Last month the ruling United Socialist Party of Venezuela (“PSUV”) won a decisive electoral victory in the face of an extremely difficult economic and political situation. However, despite temporarily stabilising the political situation in Venezuela, this victory has done nothing on its own to alleviate the growing tensions in Venezuela. Meanwhile, the pressures of inflation and the shortage of goods which have been weighing heavily on the masses for several years require an urgent solution.
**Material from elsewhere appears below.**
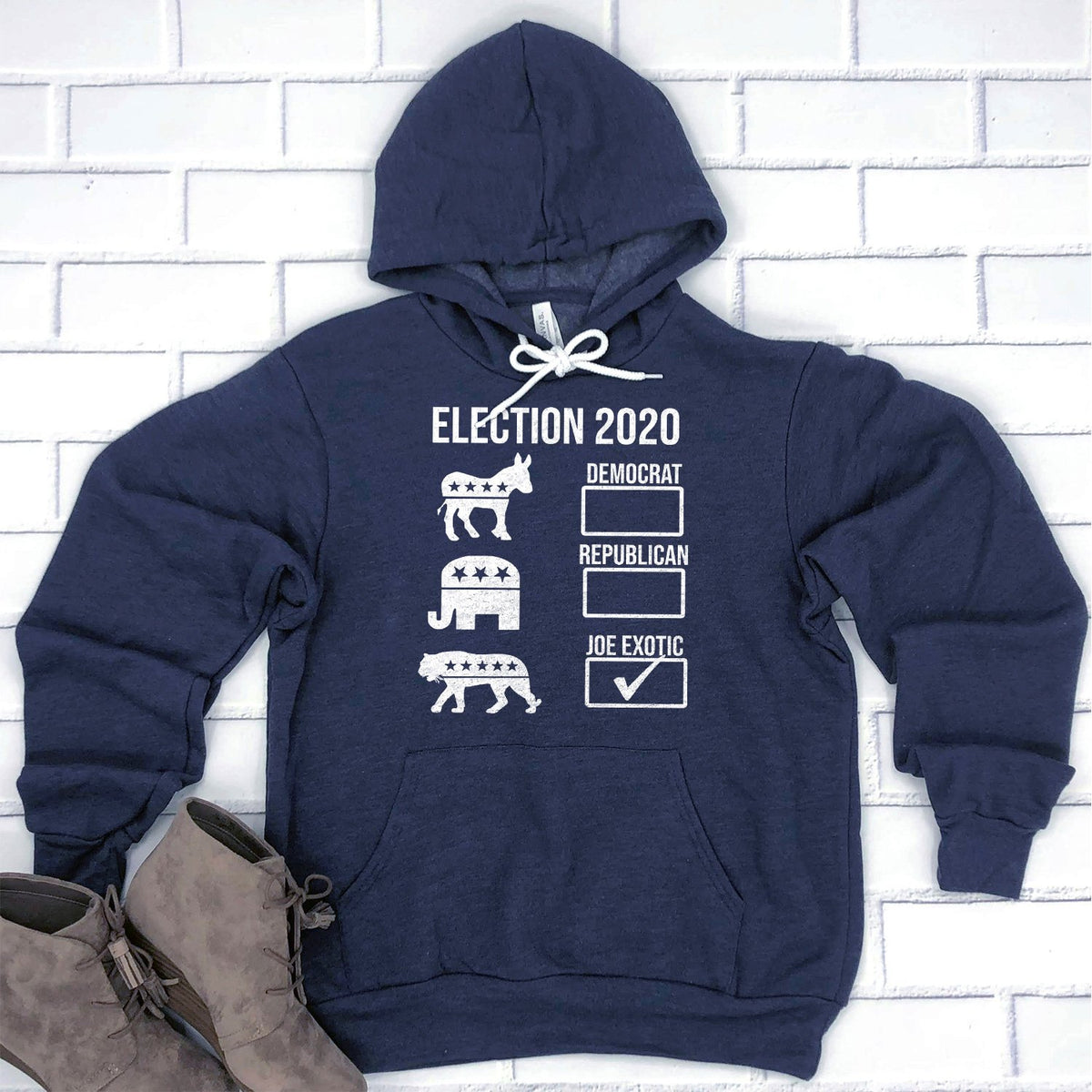 Joe Exotic Election 2020 - Hoodie Sweatshirt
Now, with Venezuela’s future looking increasingly uncertain following the recent downgrading of its credit status amidst fears of a default, we republish a statement (originally published in Spanish) of the Venezuelan section of the International Marxist Tendency, Lucha de Clases, which analyses the PSUV’s election victory, the threats facing the Venezuelan working class, and the way forward for the Bolivarian revolution.

- In Defence of Marxism


Last Sunday, contrary to many predictions, the PSUV achieved an overwhelming victory over the MUD (“Roundtable of Democratic Unity”) in regional elections. Of the 23 states which comprise the nation, the PSUV gained victory in 18, including states with an important urban population such as Carabobo and Aragua, and recaptured states such as Miranda and Lara, which had been in the hands of the opposition for almost a decade, while the MUD only achieved victory in 5, including 3 border states, namely Zulia, Táchira and Mérida.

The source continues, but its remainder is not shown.